Conform artikel 15 van het Omgevingsvergunningsdecreet is het college van burgemeester en schepenen voor zijn ambtsgebied in eerste administratieve aanleg bevoegd voor volgende aanvragen van:
1. de gemeentelijke projecten;
2. andere gevallen dan deze waarvoor de Vlaamse regering of de deputatie bevoegd is.
Er werd een aanvraag voor een omgevingsvergunning ingediend bij het college van burgemeester en schepenen, die behandeld wordt volgens de vereenvoudigde procedure van het Omgevingsvergunningendecreet.
Projectnummer: | OMV_2020053937 |
Gegevens van de aanvrager: | mevrouw Pascale Bemelmans met als adres Lombardenstraat 28 te 2000 Antwerpen |
Ligging van het project: | Graaf van Hoornestraat 42 te 2000 Antwerpen |
Kadastrale gegevens: | afdeling 11 sectie L nr. 3688K |
Vergunningsplichten: | Stedenbouwkundige handelingen |
Voorwerp van de aanvraag: | verbouwen van een eengezinswoning |
Omschrijving stedenbouwkundige handelingen
Relevante voorgeschiedenis
- 09/08/1946: toelating (18#21452) voor binnenveranderingen;
- 07/06/1946: toelating (18#20979) voor binnenveranderingen;
- 29/03/1912: toelating (1912#1026) voor gevelveranderingen;
- 08/03/1898: toelating (1898#240) voor drie huizen.

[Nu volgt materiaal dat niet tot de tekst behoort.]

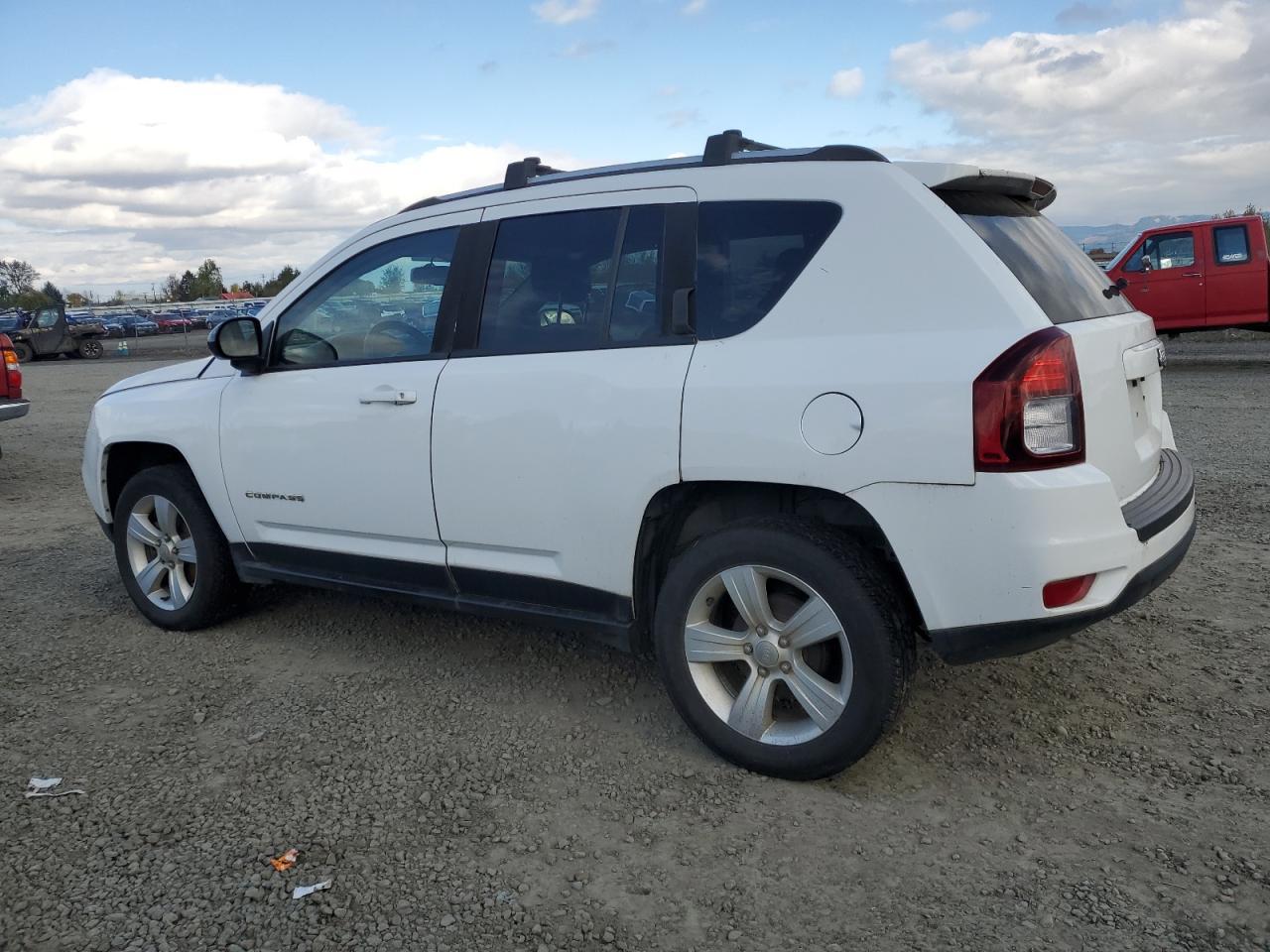 2017 Jeep Compass Sport - Фото 2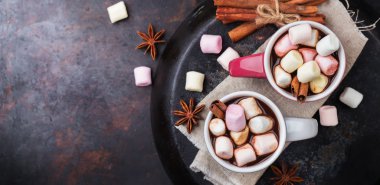 Sıcak çikolata şekerleme ve baharat grunge karanlık tablo ile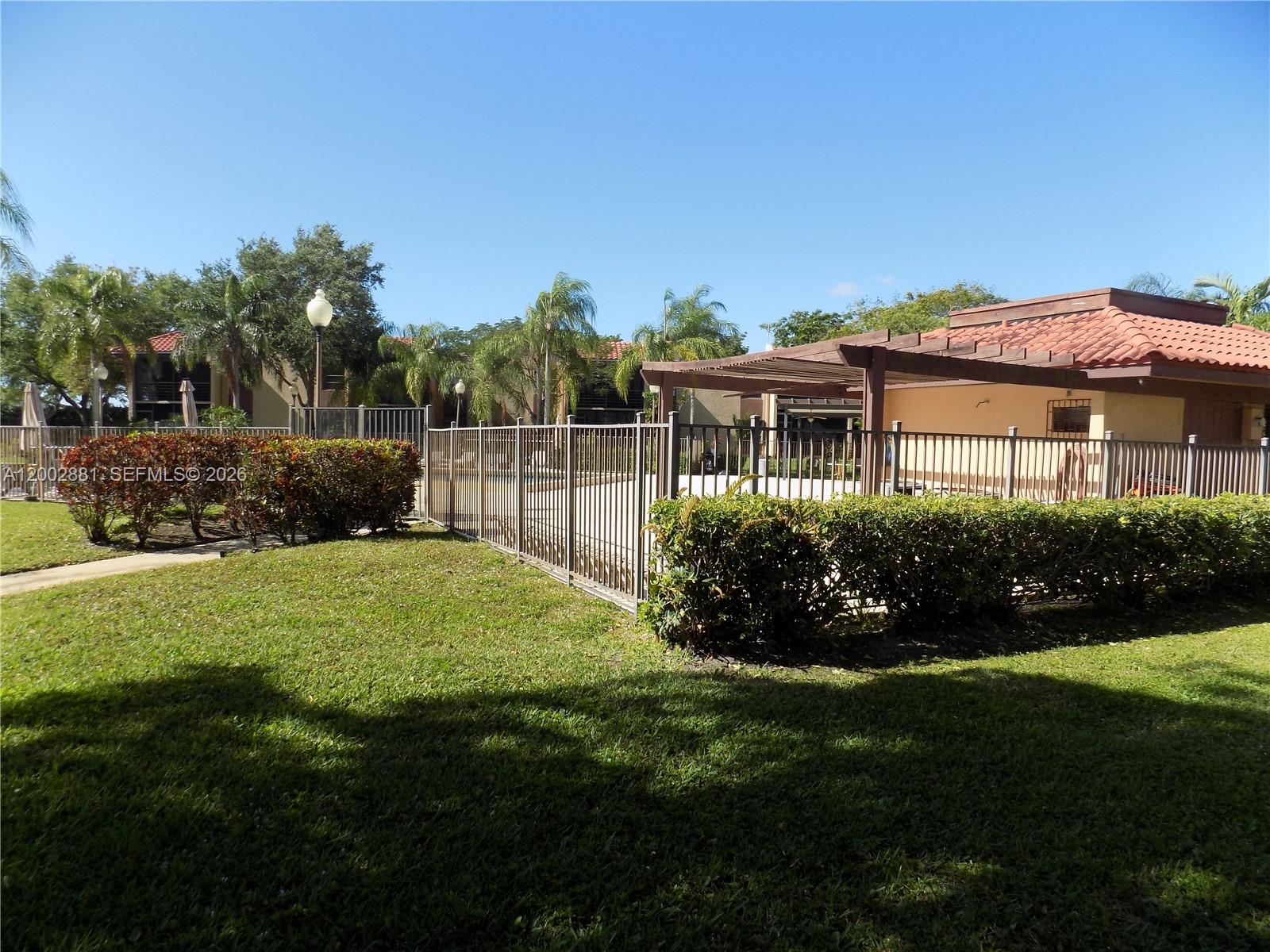 FAIRVIEW OF CALF CL CONDO - Residential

Vergunde/vergund geachte toestand
- eengezinswoning:
- pand in gesloten bebouwing met drie bouwlagen en souterrain onder zadeldak;
- kroonlijst- en nokhoogte van respectievelijk circa 13,00 en 15,50 m;
- bouwdiepte circa 10,30 m;
- gevelafwerking:
Huidige toestand
- vaststelling (ID: 209069) van een ensemble van zes burgerhuizen als bouwkundig erfgoed;
- functie en bouwhoogte conform vergunde toestand;
- bouwdiepte variërend per verdieping met een maximum van circa 22,85 m (benedenverdieping);
- gevelafwerking:
Gewenste toestand
- functie en bouwhoogte conform vergunde toestand;
- bouwdiepte:
- gevelafwerking conform huidige toestand met uitzondering van het lichtkleurig schrijnwerk in pvc op de benedenverdieping.
Inhoud van de aanvraag
- slopen van de achterliggende koterij op de gelijkvloerse verdieping;
- doorvoeren van wijzigingen aan de achtergevel in kader van sloop;
- doorvoeren van interne constructieve werken;
- regulariseren van de bouwdiepte tot ca. 18,30 meter op gelijkvloers en 1ste verdieping;
- wijzigen van de voorgevel (schrijnwerk);
- isoleren van het dak zonder wijziging van het bestaande gabarit;
- voorzien van dakvlakvensters.
Voorafgaand aan zijn beslissing neemt het college kennis van het verslag van de gemeentelijke omgevingsambtenaar.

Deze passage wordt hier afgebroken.